[Items from a dataset]

▼

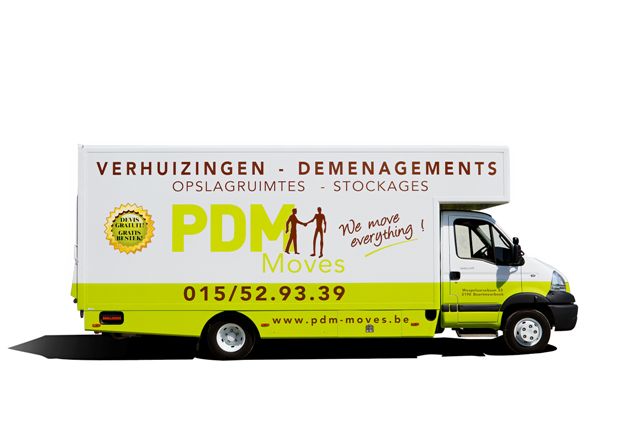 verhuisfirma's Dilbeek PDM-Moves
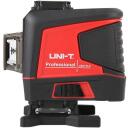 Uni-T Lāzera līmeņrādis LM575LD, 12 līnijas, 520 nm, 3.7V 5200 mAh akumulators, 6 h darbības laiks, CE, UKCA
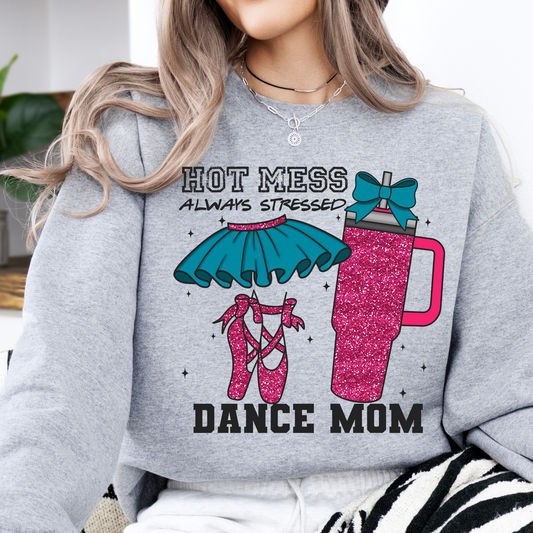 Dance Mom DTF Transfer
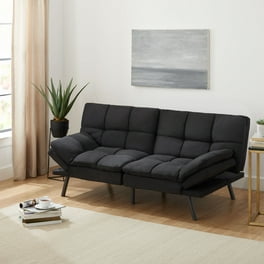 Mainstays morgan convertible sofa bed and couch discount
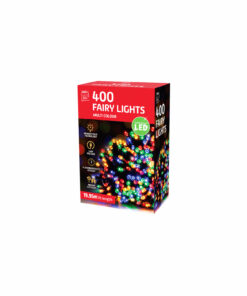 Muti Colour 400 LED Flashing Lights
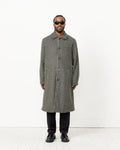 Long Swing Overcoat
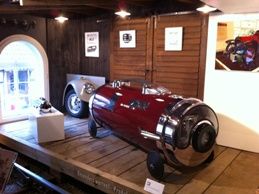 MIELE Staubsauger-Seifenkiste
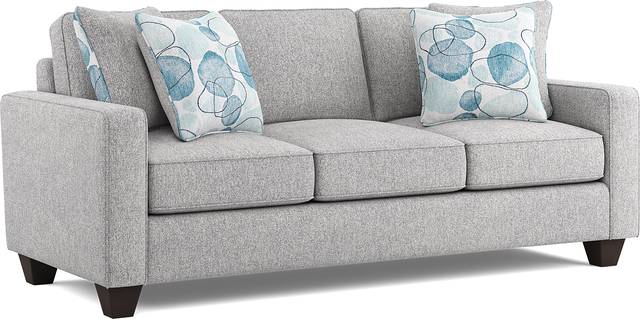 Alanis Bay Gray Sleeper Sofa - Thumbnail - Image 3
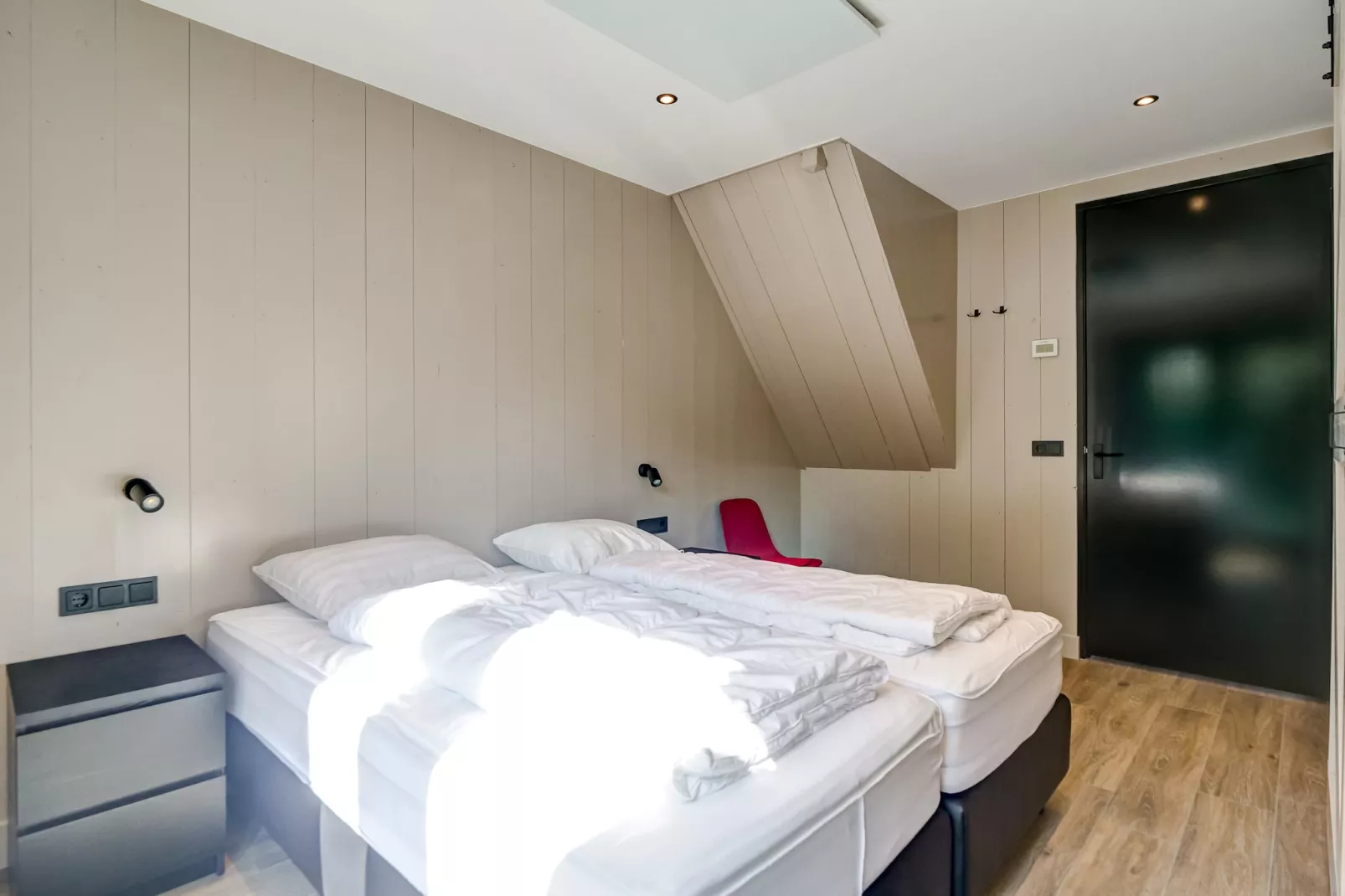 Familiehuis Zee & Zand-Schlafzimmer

▲

Task instructions: Your copy should hold exactly the lines from the one with "Muti Colour 400 LED Flashing Lights" through the final line of the records, both ends included, and no pictures.

Response area:
 Muti Colour 400 LED Flashing Lights
 Long Swing Overcoat
 MIELE Staubsauger-Seifenkiste
 Alanis Bay Gray Sleeper Sofa - Thumbnail - Image 3
 Familiehuis Zee & Zand-Schlafzimmer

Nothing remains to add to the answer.